À commencer par la riposte face aux compagnies à bas coûts sur le réseau court et moyen-courrier, le plus gros foyer de pertes de la compagnie (500 millions en 2011). Si Air France a lancé en janvier une nouvelle tarification « plus low cost » avec des prix à 49 euros, le vrai départ du redressement débutera au printemps avec les premiers vols, fin mars, de Hop! (qui regroupe les filiales Regional, Britair, Airlinair) et la montée en puissance de Transavia, dont la capacité va bondir de 30% cet été avec l'arrivée, entre février et avril, de trois nouveaux B737. Une croissance qui continuera en 2014 et 2015.Air France a en effet décidé l'an dernier de réorganiser son réseau court et moyen-courrier en trois pôles : une activité sous pavillon Air France pour alimenter le hub de Roissy, mais aussi pour desservir les grosses villes françaises et européennes au départ d'Orly et des trois bases de province de Marseille, Nice et Toulouse; une activité loisirs avec le fort développement de Transavia, une compagnie mi-charter mi-low cost dont la taille doit doubler d'ici à 2015 pour la porter à 20 avions; et une activité de transport régional sur les petites lignes au départ d'Orly avec Hop!

Accords de productivité

Côté baisse des coûts, après les mesures immédiates décidées en janvier 2012, les gains « d'efficacité économique » arrachés l'été dernier aux personnels au sol et aux pilotes n'ont pas encore toutes été mises en place. Pour le personnel au sol, « l'ensemble du dispositif devrait l'être au printemps. Un accord sur le temps de travail vient d'être signé, nous abordons désormais les horaires », explique un syndicaliste. Tout le monde sait cependant que le gros des efforts des personnels au sol proviendra de la réussite, ou pas, du plan de départs volontaires. Quant aux pilotes, toutes les mesures n'ont pas non plus été mises en ?uvre. Elles dépendent notamment du degré d'efforts que feront les autres catégories du personnel. Le syndicat national des pilotes de ligne (SNPL) a en effet mis sur pied avec la direction un « observatoire de la transformation » pour évaluer le bon déroulé du plan Transform et avoir la certitude que « tout le monde produira les mêmes efforts », dit-on chez les pilotes. Nul doute que ces derniers étudieront de près l'accord signé mercredi 20 février par les syndicats d'hôtesses et de stewards (PNC, personnels navigants commerciaux), les seuls à avoir refusé de le signer l'été dernier. « Les économies sont quasiment les mêmes que celles qui avaient été inscrites l'été dernier, sauf que leur nature est différente. Il y a plus de mesures concernant la rémunération et moins sur la hausse de productivité », explique un syndicaliste PNC. Un « ouf » de soulagement pour la direction qui voit s'éloigner un risque majeur de conflit.
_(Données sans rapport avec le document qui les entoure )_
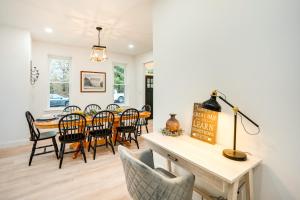 Imagen de la galería de Family-Friendly Hatfield Home 3 Mi to Downtown!, en Hatfield 22 fotos más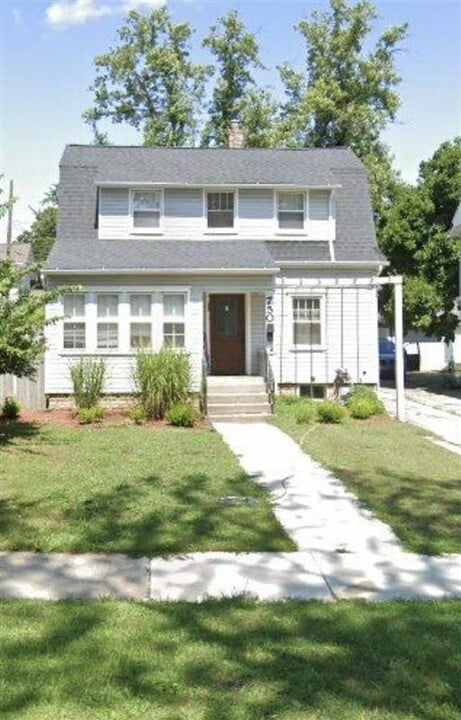 750 Crescent Rd in Jackson, MI - Building Photo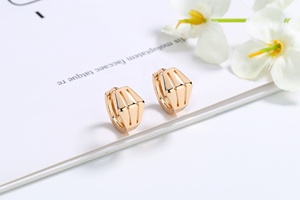 Pendientes de aro gruesos chapados en oro con rayas, joyería de latón hueca geométrica de moda para niños - Product Image 4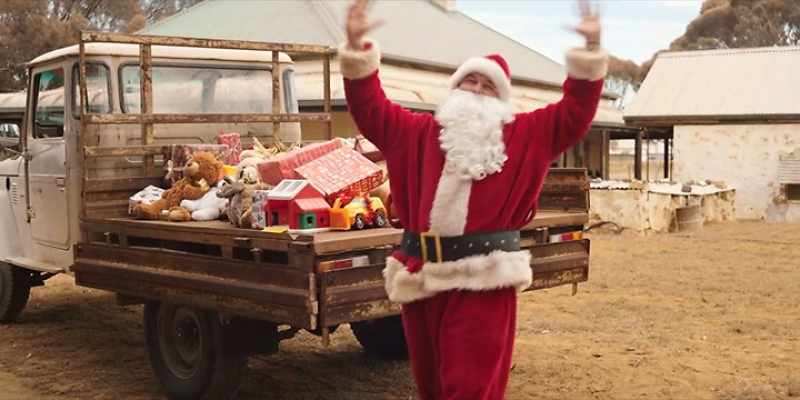 (BELLOWS) Merry Christmas!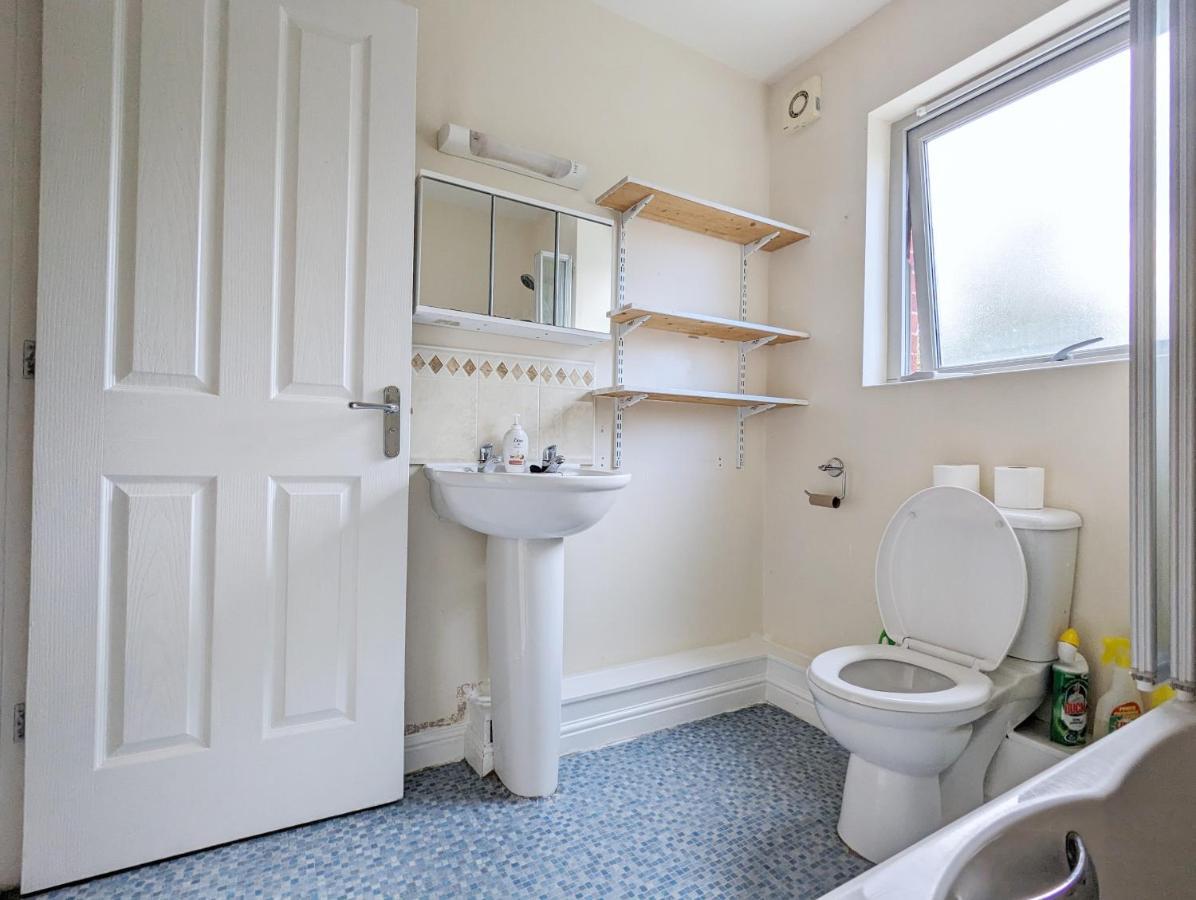 Guest Rooms Near City Centre & Dock Free Parking ليفربول المظهر الخارجي الصورة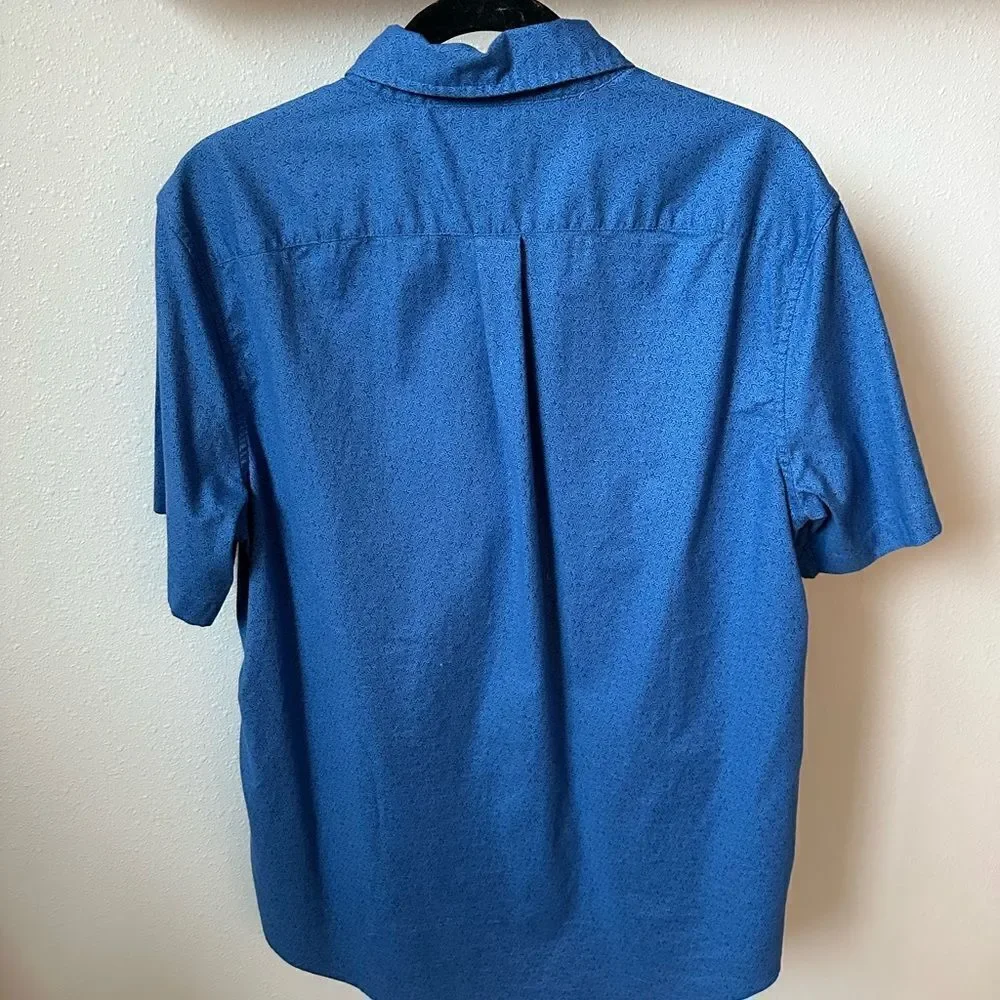 MENS VINEYARD VINES SHIRT SIZE MEDIUM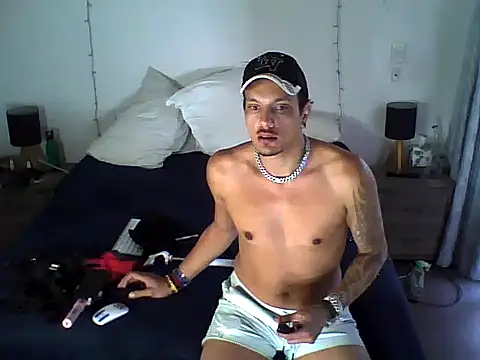 Snapshot of TAIZ69WORLD chatting on 10-31-25, 07:59 TAIZ69WORLD online show from 10-31-25, 07:59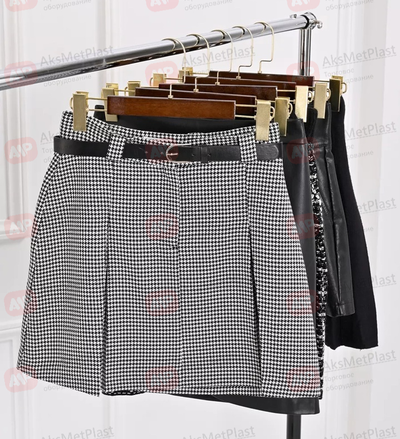 T88BR Вешалка деревянная красное дерево с зажимами и крючком золото L=320 мм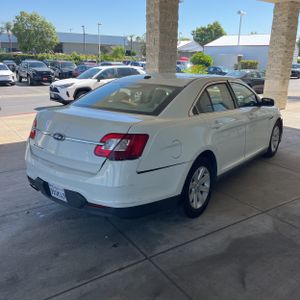 FORD TAURUS SE - 8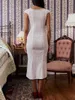 Lässige Kleider, elegantes, florales Schnür-Damen-Sommerkleid, stilvolles, hoch tailliertes weißes Minikleid mit zartem Hohl-Out-Design – perfekt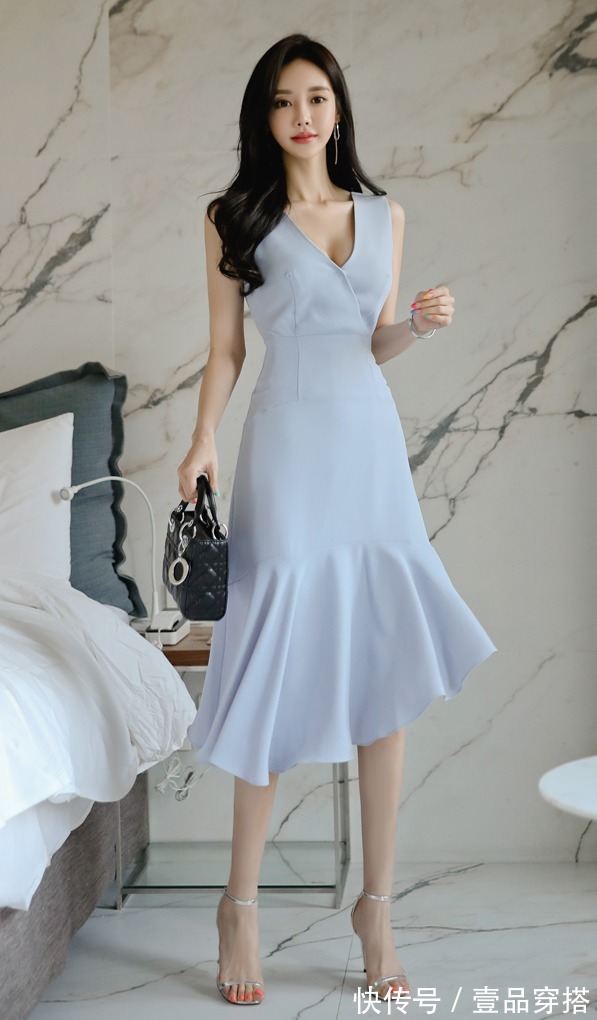 釉彩|女神孙允珠高清时尚搭配:浅蓝釉彩玻璃缤纷甜美鱼尾裙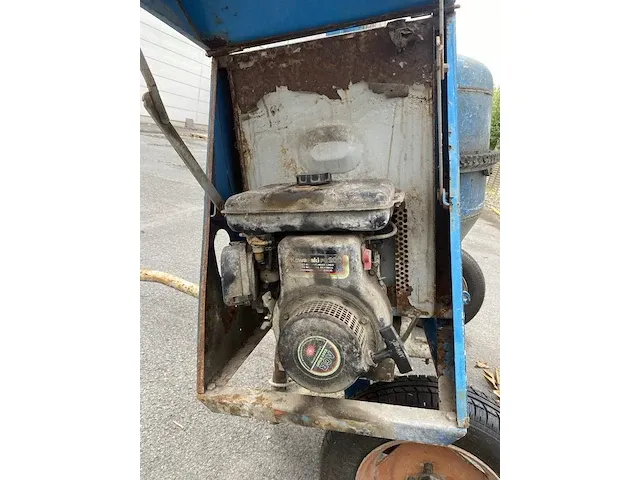 Benzine betonmolen kawasaki - afbeelding 5 van  8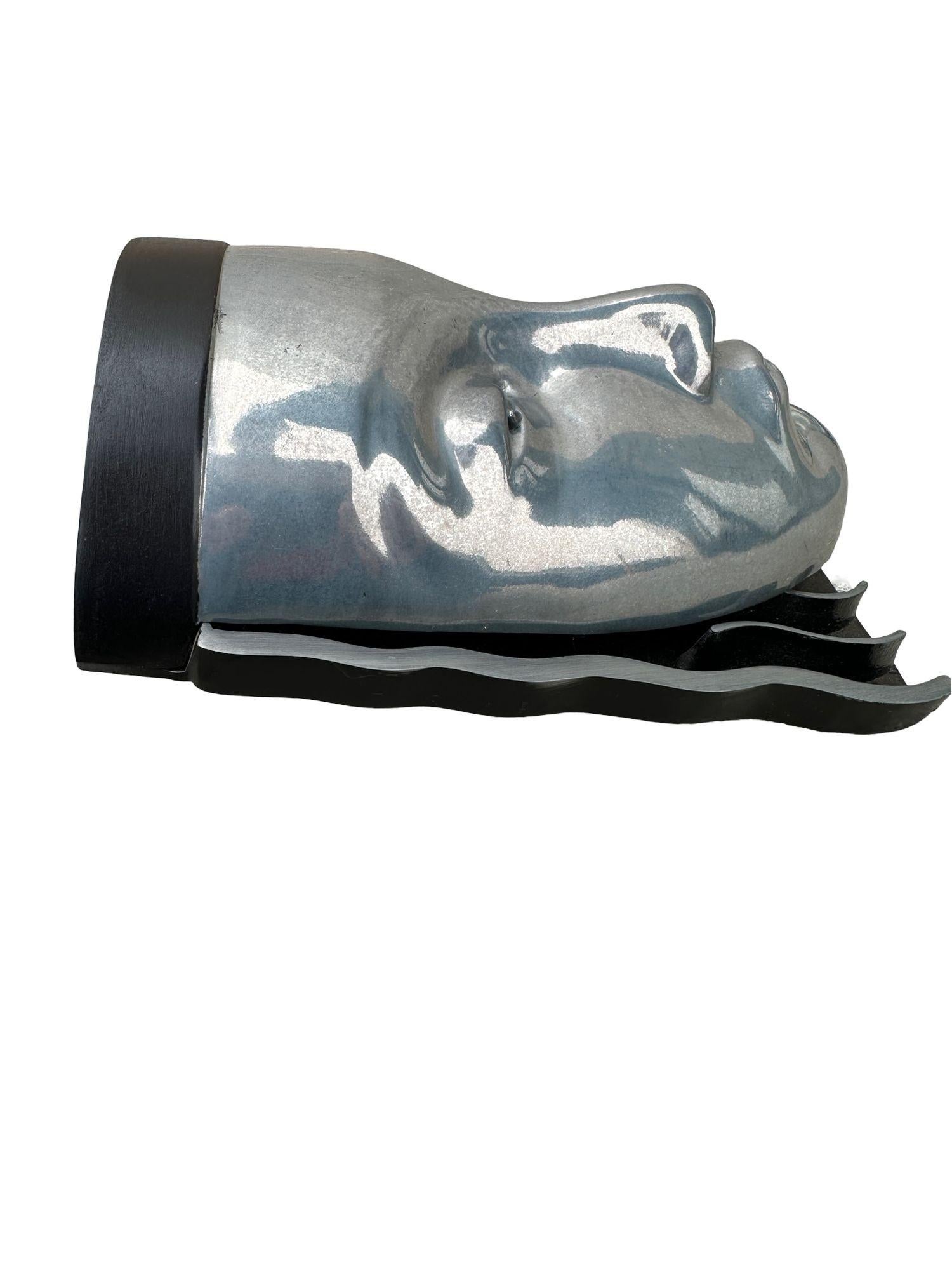 Acciaio Lampada da parete a maschera femminile in stile Art Déco in vendita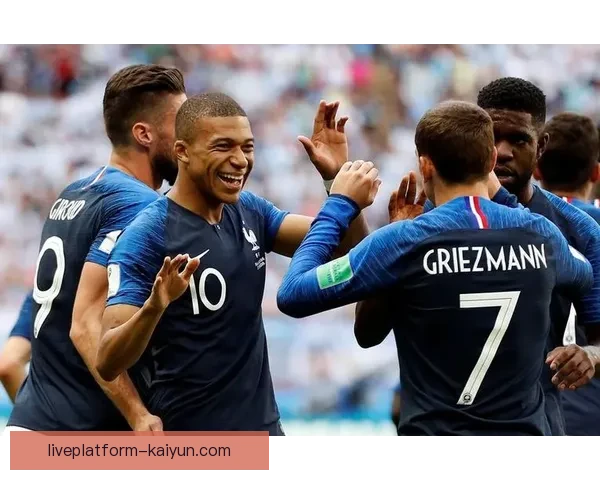 Griezmann 在 4-4-2 阵型中的角色与贡献分析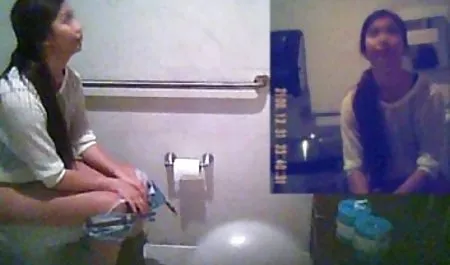 Alvtina leads white beads on the sexual lips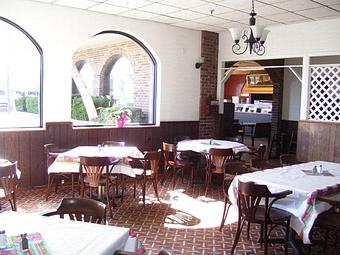 Interior - Umberto's Pizzeria in Fair Haven, NJ Italian Restaurants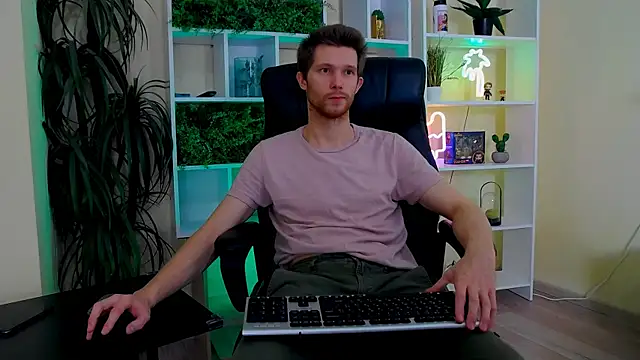 Snapshot of Eddie_Baker chatting on March 12, 2026, 11:00 pm Eddie Baker online show from March 12, 2026, 11:00 pm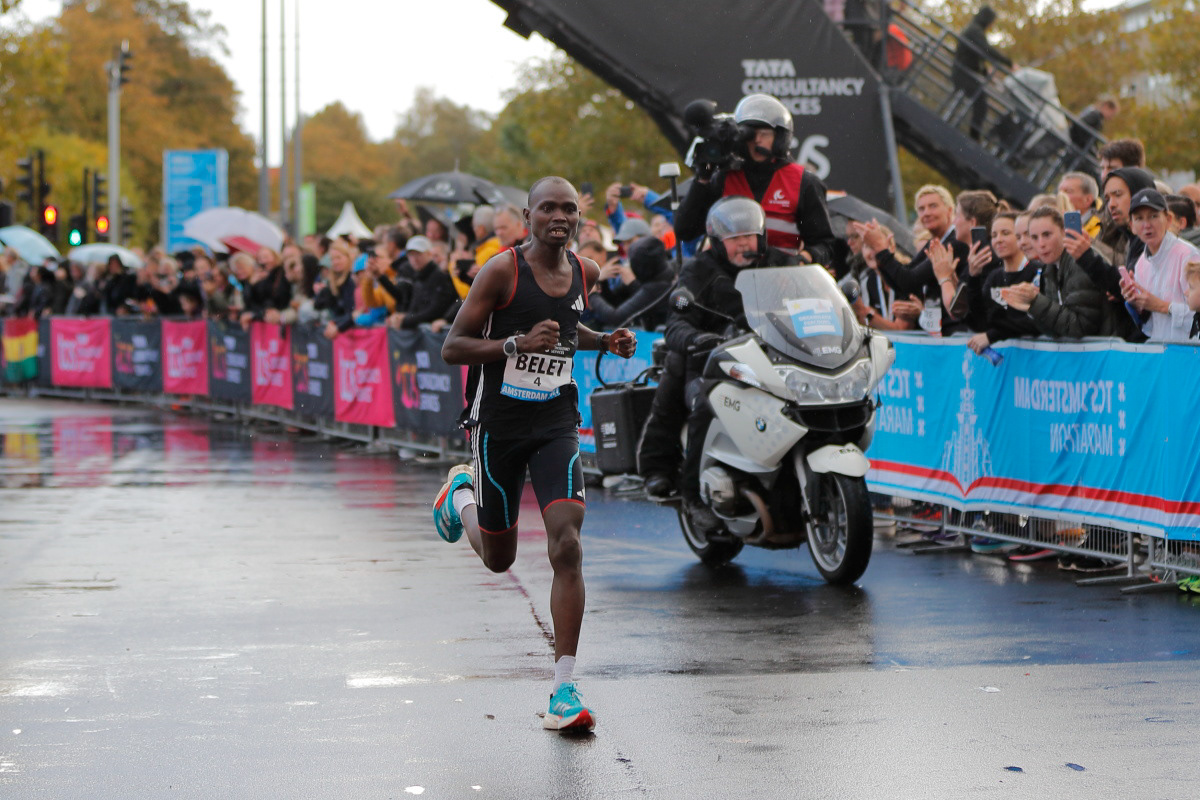 Joshua Belet alleen op weg naar de finish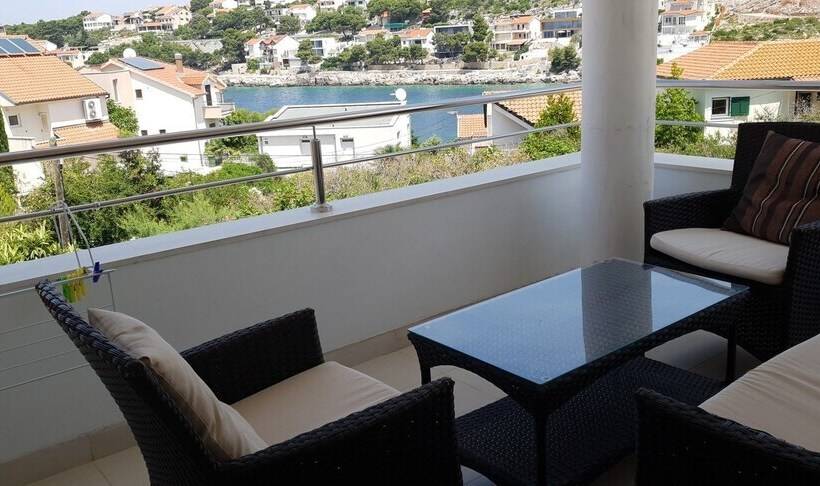 Apartments Mia Bilo 887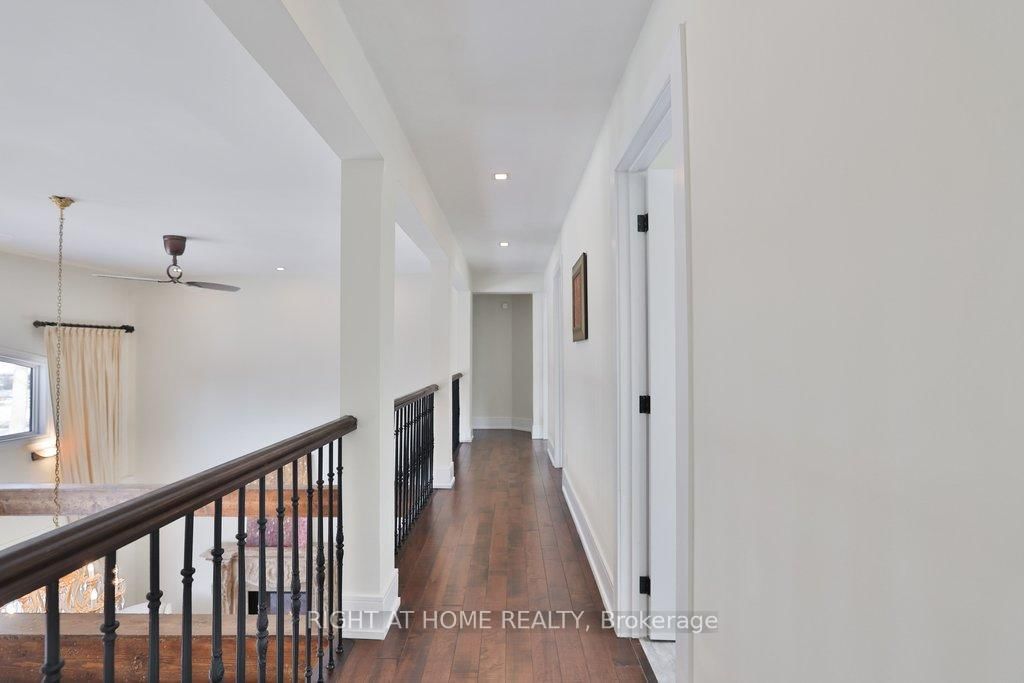 Detached House for sale at 471 Country Club Crescent, Mississauga, Ontario, L5J 2P9 - Clarkson - MLS: W12944366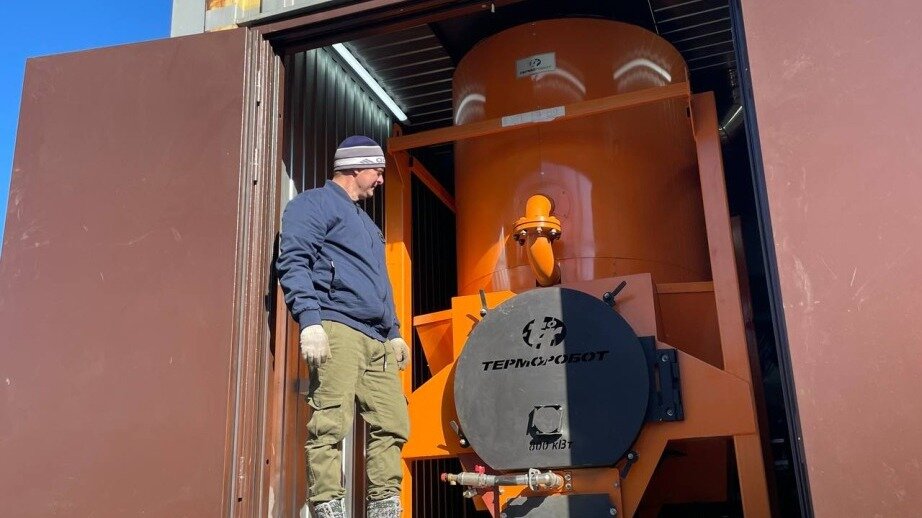     Модернизировать весь отопительный комплекс региона поручил губернатор края Михаил Дегтярев по итогам рабочих поездок, когда ему пришлось лично увидеть в каком состоянии находятся объекты теплоснабжения. Мероприятие реализуется в рамках заключенных концессионных соглашений.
Avec la fin de l'accord collectif, le 31 mars, elle comptait, en cas d'échec, imposer de manière unilatérale ses conditions pour obtenir ces fameux gains de 20%. Avec des risques très importants de grèves dures et coûteuses. Le PDG d'Air France, Alexandre de Juniac, a donc réussi à arracher des concessions aux trois catégories de personnel par la négociation. Ce n'était pas gagné il y a un an. Toutefois, les gains de productivité attendus entraînent de facto des sureffectifs importants, d'où essentiellement le plan de départs volontaires. La direction table sur 2767 salariés pour le personnel au sol, 187 personnes pour les pilotes, tandis que pour les PNC, dont l'ouverture éventuelle du guichet départs était conditionnée à un accord, il pourrait concerner plusieurs centaines de salariés.

Un plan suffisant?
De fait, 2012 n'apporte donc pas d'améliorations tangibles des comptes. « Les effets se ressentiront surtout cette année, et encore, 2013 ne récoltera pas le fruit de la totalité des efforts », reconnaît un administrateur. D'où des résultats 2012 une nouvelle fois dans le rouge. La perte d'exploitation s'élève à 300 millions d'euros (en amélioration de 53 millions par rapport à 2011), et la perte nette se creuse à 1,19 milliard en raison de plusieurs éléments exceptionnels. « Les analystes n'attendaient rien de spécial de 2012. Ce qui compte à leurs yeux, c'est 2013 », explique-t-on chez Air France.
Justement la question est sur toutes les lèvres.

Ce plan sera-t-il suffisant? Concocté à la fin de 2011, plusieurs de ses paramètres ont changé depuis. « Les hypothèses contextuelles, le niveau de croissance économique et le prix du baril de pétrole ne sont pas les mêmes que celles prévues dans le plan Transform », explique un administrateur. En outre la croissance en Europe continue de ralentir et 2013 s'annonce très difficile. « 2013 est une année clé pour Air France-KLM dans un contexte de retournement beaucoup moins favorable qu'anticipé il y a six mois, résume une source interne au groupe. Nous savons que la croissance en 2013 sera stable par rapport à 2012 alors qu'il y a six mois, nous pensions qu'elle serait supérieure grâce aux performances des États-Unis et de l'Asie. » Idem pour le pétrole. Alors que le budget 2013 tablait plutôt sur un prix moyen du baril autour de 110 dollars, il pointe depuis quelques semaines autour de 120 dollars.
Par ailleurs, certaines activités n'évoluent pas non plus comme prévu. « Nous avons toujours deux points faibles qui ont eu tendance à se dégrader en 2012 : les bases de province en particulier - l'activité court et moyen-courrier en général - et le cargo », explique un dirigeant. Lancées en octobre pour la première d'entre elles (Marseille), au printemps 2012 pour les deux autres (Nice et Toulouse), ces bases ont connu un sérieux retard au démarrage avec des coefficients d'occupation et des recettes unitaires inférieures aux prévisions. En 2012, les pertes se sont même creusées, dépassant les 100 millions d'euros enregistrés en 2011, alors que l'objectif était de les réduire à hauteur de 70 millions à 80 millions. L'ensemble du moyen-courrier d'Air France s'est dégradée. Les pertes qui s'élevaient à 500 millions en 2011 sont passées à près de 600 millions d'euros, faisant parallèlement augmenter celles de l'ensemble du groupe Air France-KLM à 800 millions, contre 700 millions en 2011.

Newsletter

Industrie et service

Chaque jour à 13h, l’essentiel de l’actualité industrielle.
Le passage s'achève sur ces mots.